* [INSTRUCTIONS TO FOLLOW]
Copy out exactly the stretch of the listing below that begins at the line containing "ShivalikEngineering" and ends at the line containing "High Quality MCP, Monocalcium", and copy nothing outside it.

━━ DATA

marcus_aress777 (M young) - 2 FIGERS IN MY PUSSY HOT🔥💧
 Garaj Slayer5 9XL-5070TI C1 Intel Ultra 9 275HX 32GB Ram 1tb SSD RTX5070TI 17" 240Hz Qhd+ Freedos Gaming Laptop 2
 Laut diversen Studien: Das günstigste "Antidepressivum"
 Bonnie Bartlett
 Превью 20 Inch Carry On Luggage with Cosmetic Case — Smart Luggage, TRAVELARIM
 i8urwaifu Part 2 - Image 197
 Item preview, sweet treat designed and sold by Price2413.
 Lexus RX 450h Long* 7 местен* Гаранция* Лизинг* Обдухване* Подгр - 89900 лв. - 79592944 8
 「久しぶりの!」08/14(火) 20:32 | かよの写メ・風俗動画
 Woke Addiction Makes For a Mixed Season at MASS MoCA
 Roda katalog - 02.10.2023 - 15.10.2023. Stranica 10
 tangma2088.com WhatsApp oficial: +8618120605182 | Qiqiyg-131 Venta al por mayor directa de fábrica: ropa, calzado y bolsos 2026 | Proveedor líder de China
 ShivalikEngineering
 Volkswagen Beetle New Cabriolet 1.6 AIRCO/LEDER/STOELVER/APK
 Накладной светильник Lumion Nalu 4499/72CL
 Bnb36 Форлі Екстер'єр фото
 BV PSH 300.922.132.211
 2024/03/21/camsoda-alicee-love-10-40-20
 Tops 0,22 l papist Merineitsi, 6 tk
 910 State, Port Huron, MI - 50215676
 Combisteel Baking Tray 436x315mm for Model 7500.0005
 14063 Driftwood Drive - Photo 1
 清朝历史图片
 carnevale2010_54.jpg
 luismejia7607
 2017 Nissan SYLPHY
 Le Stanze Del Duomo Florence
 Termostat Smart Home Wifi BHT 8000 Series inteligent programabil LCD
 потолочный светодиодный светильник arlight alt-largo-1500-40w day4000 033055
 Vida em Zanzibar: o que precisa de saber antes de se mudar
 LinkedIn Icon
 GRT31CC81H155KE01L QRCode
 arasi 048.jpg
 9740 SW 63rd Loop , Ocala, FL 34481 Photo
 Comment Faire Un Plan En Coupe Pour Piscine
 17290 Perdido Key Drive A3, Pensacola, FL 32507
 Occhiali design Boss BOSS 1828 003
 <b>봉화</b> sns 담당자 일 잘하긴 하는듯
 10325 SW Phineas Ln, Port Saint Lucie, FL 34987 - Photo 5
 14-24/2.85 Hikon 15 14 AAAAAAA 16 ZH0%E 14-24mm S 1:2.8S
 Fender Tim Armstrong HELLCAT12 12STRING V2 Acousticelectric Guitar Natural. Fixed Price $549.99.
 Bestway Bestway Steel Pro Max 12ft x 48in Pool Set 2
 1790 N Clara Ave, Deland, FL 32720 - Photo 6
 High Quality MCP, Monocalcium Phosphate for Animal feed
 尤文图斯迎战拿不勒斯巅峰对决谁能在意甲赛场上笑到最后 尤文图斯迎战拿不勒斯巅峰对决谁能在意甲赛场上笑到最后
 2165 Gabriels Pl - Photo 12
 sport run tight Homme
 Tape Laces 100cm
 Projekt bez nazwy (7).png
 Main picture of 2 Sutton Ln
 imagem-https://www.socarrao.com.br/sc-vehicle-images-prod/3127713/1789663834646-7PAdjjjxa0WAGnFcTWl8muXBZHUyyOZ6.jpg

━━━━

* [RESPONSE AREA]
 ShivalikEngineering
 Volkswagen Beetle New Cabriolet 1.6 AIRCO/LEDER/STOELVER/APK
 Накладной светильник Lumion Nalu 4499/72CL
 Bnb36 Форлі Екстер'єр фото
 BV PSH 300.922.132.211
 2024/03/21/camsoda-alicee-love-10-40-20
 Tops 0,22 l papist Merineitsi, 6 tk
 910 State, Port Huron, MI - 50215676
 Combisteel Baking Tray 436x315mm for Model 7500.0005
 14063 Driftwood Drive - Photo 1
 清朝历史图片
 carnevale2010_54.jpg
 luismejia7607
 2017 Nissan SYLPHY
 Le Stanze Del Duomo Florence
 Termostat Smart Home Wifi BHT 8000 Series inteligent programabil LCD
 потолочный светодиодный светильник arlight alt-largo-1500-40w day4000 033055
 Vida em Zanzibar: o que precisa de saber antes de se mudar
 LinkedIn Icon
 GRT31CC81H155KE01L QRCode
 arasi 048.jpg
 9740 SW 63rd Loop , Ocala, FL 34481 Photo
 Comment Faire Un Plan En Coupe Pour Piscine
 17290 Perdido Key Drive A3, Pensacola, FL 32507
 Occhiali design Boss BOSS 1828 003
 <b>봉화</b> sns 담당자 일 잘하긴 하는듯
 10325 SW Phineas Ln, Port Saint Lucie, FL 34987 - Photo 5
 14-24/2.85 Hikon 15 14 AAAAAAA 16 ZH0%E 14-24mm S 1:2.8S
 Fender Tim Armstrong HELLCAT12 12STRING V2 Acousticelectric Guitar Natural. Fixed Price $549.99.
 Bestway Bestway Steel Pro Max 12ft x 48in Pool Set 2
 1790 N Clara Ave, Deland, FL 32720 - Photo 6
 High Quality MCP, Monocalcium Phosphate for Animal feed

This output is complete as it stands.